XII. Marie-Antoinette,
par MM. Jules et Edmond de Goncourt

I

Lorsque les journaux annoncèrent que MM. Edmond et Jules de Goncourt allaient publier une Histoire de Marie-Antoinette, nous crûmes — pourquoi ne le dirions-nous pas avec franchise ? — que ce serait là encore un livre de l’École trumeau, car MM. de Goncourt sont de cette École. Ils y ont pris position il y a quelques années. Cantonnés dans le xviiie  siècle, ils s’en sont fait presque un majorât d’études, et, jusqu’ici du moins, ils avaient exclusivement travaillé dans le camaïeu et le vieux-sèvres. De Portraits intimes en portraits intimes de cette époque dont ils ont le goût, qui est déjà une corruption, ils sont arrivés à cette grande figure de Marie-Antoinette, plus grande que le cadre du siècle dans lequel elle est renfermée ; et, le croira-t-on ? ces mièvres artistes, voués au joli du temps qu’ils aiment, ont essayé de la reproduire !

Nous comprenions bien, du reste, qu’ils en eussent la pensée ; mais nous, nous avions peur pour leur audace.
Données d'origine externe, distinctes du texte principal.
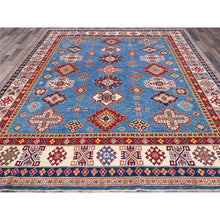 Load image into Gallery viewer, 8&#39;2&quot;x10&#39; Quite Harbor Blue With Heavenly Pink Border, Hand Knotted Kazak Design With Tribal Medallions Natural Dyes, 100% Wool, Oriental Rug FWR520668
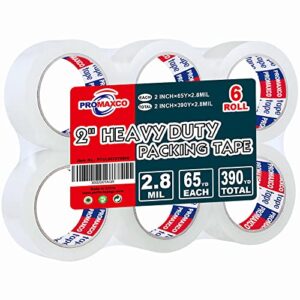 promaxco heavy duty packing tape 6 rolls, total 390y, clear, 2.8 mil, 1.88 inch x 65 yards, ultra strong, refill for packaging and shipping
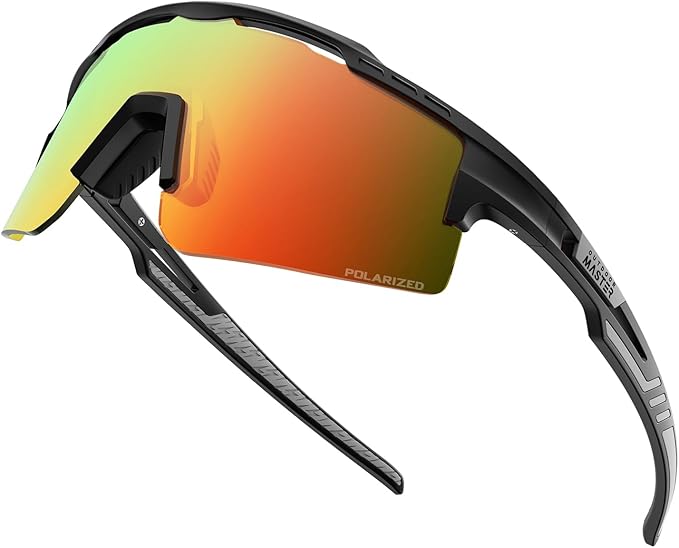 OutdoorMaster Hawk II polarized sports sunglasses with black TR90 frame, Revo blue lenses for cycling, running, and fishing.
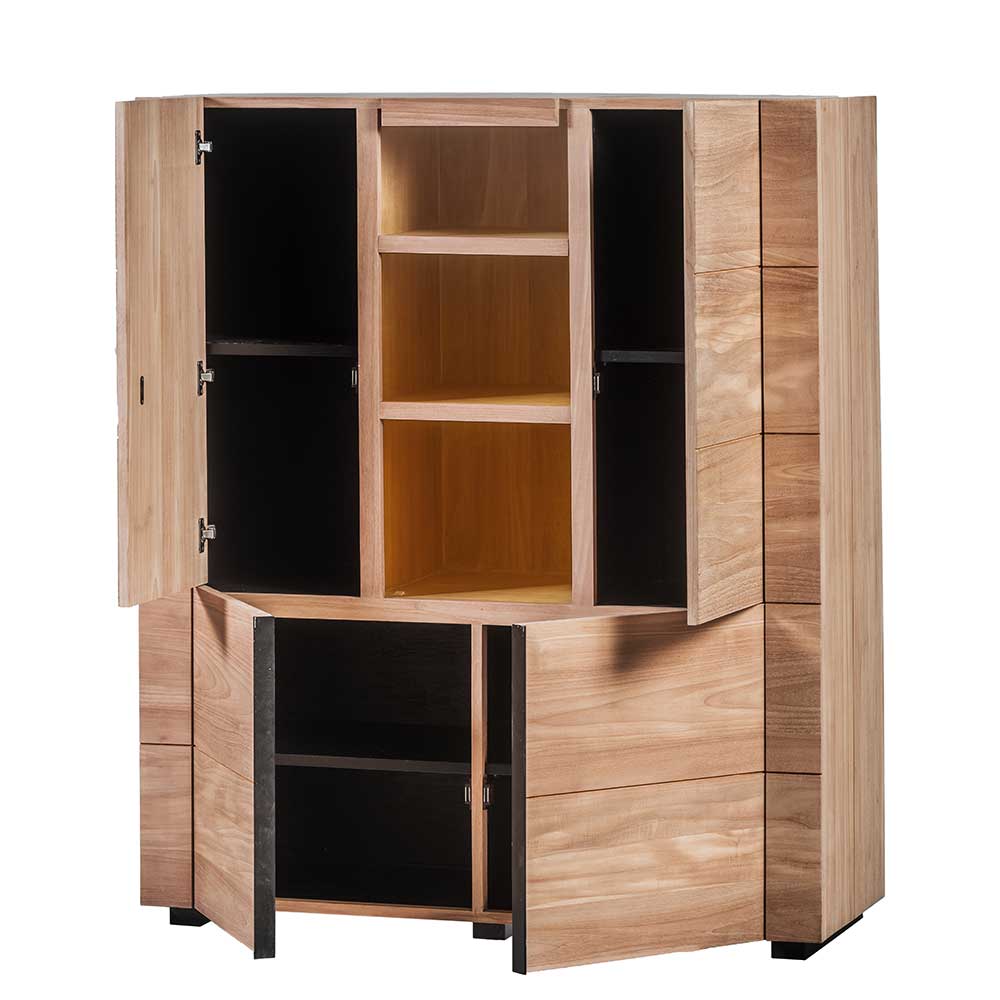 Highboard Atamba in Teakfarben 150 cm hoch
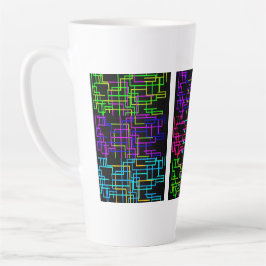 Caneca De Café Latte Grade de Arte Pixel Neon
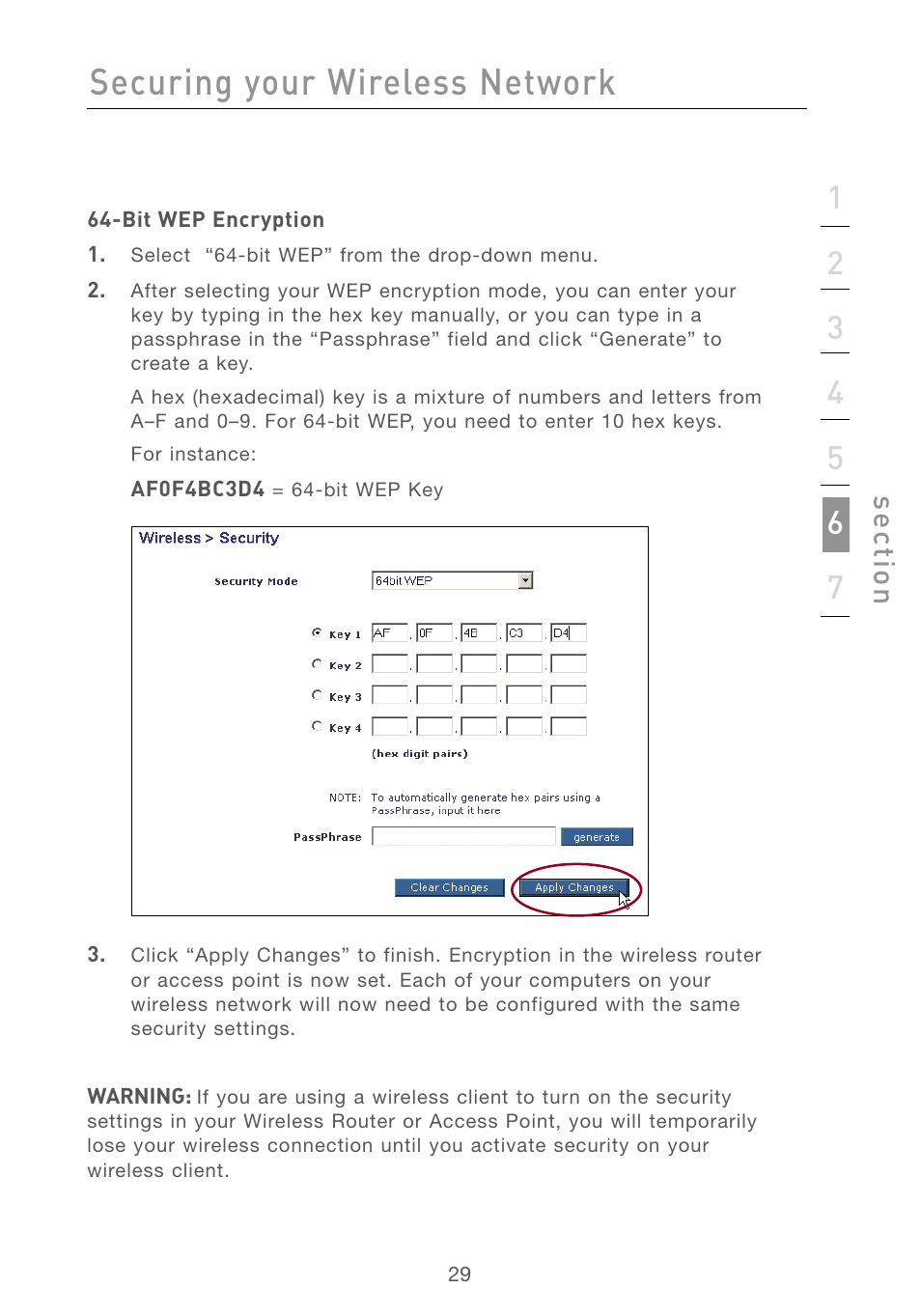 Securing your wireless network, Se ct io n | Belkin F5D6051 User Manual | Page 31 / 42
Au regard de ceux qui vont au fond de cette femme, peut-être plus profonde qu’on ne croit, Marie-Antoinette, cette reine de Trianon, avant d’être la reine de France et la reine du Temple, Marie-Antoinette, qui fut un instant si frivole d’apparence, avant d’être si sublime de réalité, ne semblait-elle pas avoir un côté historique bien tentant pour les statuaires en pâte tendre ? Seulement le vers plaisant et fameux :

À mon gré le Corneille est joli quelquefois,

nous revenait à la mémoire, car il s’agissait ici d’un sublime encore plus touchant que celui du vieux Corneille. Il s’agissait de ce sublime de grandeur morale, de pathétique et de beauté, qui, dans le drame de l’histoire, a précisément commencé par ce joli, inconnu à Corneille, — le charme et la grâce de la vie !

II

Mais nous l’écrivons avec joie : nous avions tort d’avoir peur, et nous sommes rassuré. La Marie-Antoinette de MM. de Goncourt n’est pas certainement le portrait définitif, la toile historique irréprochable de cette femme, qui attendra longtemps un peintre digne d’elle. Mais, du moins, c’est une ébauche émue, qui a son éclat et sa vérité.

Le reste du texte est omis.